Remaining calm allows us to better perceive and act on a situation, not reverting to our primal instincts and allowing us to perform better. And even if there is no way we can win, we can at least sense and process more, allowing us to better learn from the situation, which is a win in itself.

Being calm also gives us the ability to experiment and try out new things without being overly harsh over failures, which are bound to happen when attempting new technique.

Stay Relaxed (Physically)

While the previous tip was about staying calm mentally, this one is about staying relaxed with our body. Don’t fight with your muscles tense, committing too hard to certain actions and/or positions. Fighting with tense muscles makes it more difficult to change from one action to another and removes our ability to move correctly, or even move at all.

This is very common when we attempt to strike with all our might, committing to this singular goal, tensing our body to unleash all the energy we can gather, and then when we get there we are way too tense to thrust forward or do another action, or worse: when the technique fails or is parried and we need to fly out, but we are too tense and remain in the position for too long.

This does not mean we can’t fight with strength, but one should question where the strength is coming from. Proper body mechanics are important and will deliver far more strength than simply tensing your muscles and forcing through. More important, less tension and better mechanics will allow for more control and the ability to change your action.

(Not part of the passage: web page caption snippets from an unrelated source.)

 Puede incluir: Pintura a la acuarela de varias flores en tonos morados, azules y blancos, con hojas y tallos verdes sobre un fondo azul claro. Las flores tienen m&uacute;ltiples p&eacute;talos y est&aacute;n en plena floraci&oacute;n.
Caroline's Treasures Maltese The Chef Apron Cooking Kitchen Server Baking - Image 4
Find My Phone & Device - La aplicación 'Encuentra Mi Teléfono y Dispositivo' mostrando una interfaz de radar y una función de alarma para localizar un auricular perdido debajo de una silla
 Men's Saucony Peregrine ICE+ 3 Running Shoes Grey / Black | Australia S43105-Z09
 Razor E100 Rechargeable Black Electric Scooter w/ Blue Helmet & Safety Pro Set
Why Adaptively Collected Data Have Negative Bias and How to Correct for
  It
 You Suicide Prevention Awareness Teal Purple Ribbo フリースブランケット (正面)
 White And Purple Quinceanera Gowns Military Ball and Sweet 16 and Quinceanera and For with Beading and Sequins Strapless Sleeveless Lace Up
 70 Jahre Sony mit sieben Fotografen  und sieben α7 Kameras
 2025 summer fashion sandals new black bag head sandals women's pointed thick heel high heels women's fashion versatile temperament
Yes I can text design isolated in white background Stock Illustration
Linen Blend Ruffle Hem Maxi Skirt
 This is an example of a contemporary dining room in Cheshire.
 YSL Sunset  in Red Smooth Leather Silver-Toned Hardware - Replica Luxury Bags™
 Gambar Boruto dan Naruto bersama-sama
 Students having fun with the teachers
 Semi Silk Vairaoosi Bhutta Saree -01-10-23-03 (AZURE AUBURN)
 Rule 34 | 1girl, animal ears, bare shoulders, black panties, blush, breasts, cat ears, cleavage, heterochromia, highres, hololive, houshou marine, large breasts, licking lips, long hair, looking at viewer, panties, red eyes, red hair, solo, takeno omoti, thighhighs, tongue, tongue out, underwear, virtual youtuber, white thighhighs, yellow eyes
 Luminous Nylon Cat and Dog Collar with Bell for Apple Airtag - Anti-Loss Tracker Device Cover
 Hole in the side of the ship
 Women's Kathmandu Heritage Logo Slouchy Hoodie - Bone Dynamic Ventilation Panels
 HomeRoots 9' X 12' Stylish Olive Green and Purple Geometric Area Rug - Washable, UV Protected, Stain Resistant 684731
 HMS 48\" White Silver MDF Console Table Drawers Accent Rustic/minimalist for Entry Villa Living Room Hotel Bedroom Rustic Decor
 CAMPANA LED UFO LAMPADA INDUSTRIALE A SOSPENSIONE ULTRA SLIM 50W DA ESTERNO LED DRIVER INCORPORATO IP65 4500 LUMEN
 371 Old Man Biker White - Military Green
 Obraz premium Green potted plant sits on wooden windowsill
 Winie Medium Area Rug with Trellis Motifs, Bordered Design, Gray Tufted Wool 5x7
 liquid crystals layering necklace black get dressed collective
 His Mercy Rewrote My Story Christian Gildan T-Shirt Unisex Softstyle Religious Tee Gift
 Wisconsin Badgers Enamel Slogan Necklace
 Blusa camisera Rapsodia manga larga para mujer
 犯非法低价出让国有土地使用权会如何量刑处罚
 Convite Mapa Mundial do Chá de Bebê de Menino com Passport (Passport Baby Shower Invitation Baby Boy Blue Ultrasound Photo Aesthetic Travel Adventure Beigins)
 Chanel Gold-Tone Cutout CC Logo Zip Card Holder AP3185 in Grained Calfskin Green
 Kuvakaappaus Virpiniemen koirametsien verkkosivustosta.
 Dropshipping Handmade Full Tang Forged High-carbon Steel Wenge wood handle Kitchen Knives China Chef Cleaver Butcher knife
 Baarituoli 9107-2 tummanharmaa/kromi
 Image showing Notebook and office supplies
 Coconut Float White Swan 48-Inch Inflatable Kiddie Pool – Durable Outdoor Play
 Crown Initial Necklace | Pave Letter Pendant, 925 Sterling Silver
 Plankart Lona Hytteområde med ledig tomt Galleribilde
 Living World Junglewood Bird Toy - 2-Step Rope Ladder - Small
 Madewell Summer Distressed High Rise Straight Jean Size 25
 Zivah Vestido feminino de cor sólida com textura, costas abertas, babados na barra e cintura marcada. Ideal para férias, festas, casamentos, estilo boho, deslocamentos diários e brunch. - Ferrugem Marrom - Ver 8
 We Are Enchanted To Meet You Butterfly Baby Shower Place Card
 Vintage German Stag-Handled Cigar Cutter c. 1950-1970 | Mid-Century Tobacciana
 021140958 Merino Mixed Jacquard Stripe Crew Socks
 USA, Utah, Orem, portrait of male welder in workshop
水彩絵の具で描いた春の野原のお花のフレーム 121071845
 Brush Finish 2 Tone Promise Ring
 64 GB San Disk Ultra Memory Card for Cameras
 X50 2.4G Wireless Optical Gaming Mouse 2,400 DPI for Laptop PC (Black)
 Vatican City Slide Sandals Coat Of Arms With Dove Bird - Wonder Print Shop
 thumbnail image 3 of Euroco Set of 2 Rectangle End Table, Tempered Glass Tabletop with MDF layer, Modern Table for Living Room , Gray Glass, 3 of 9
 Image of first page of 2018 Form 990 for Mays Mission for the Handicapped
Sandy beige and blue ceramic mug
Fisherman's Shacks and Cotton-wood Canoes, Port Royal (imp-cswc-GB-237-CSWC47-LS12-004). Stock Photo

It is also common to tense when receiving a powerful strike, firmly parrying the blow may prevent us from redirecting the force to a strike of our own and will harmfully spread the force onto our joints instead. Try to maintain a lighter grip on your sword, taking the blow with good body and sword mechanics, thereby allowing you to remain safe and usefully redirect the force as you receive it, if can be done safely.

Avoid Compensating With Force

Sometimes techniques do not work and we try to push harder to get them to work, fighting strength with strength. Orr more accurately: fighting a mechanical disadvantage by adding additional strength.

Instead, fight with less effort and seek a mechanical advantage. If they deny your technique, don’t try to force it but move on to another one. Many people think that being strong is directly related to the amount of pressure you apply; instead I propose that it is strictly about mechanical advantage and physics: If you catch them closer to their weak, then you can control the bind (being strong) without having to apply a lot of force, while if you are caught on your weak it doesn’t matter how much force you apply. This is how leverage works, and in trying to fight against it by simply adding more force we choose poorly. Instead, work with it, as the manuals suggest.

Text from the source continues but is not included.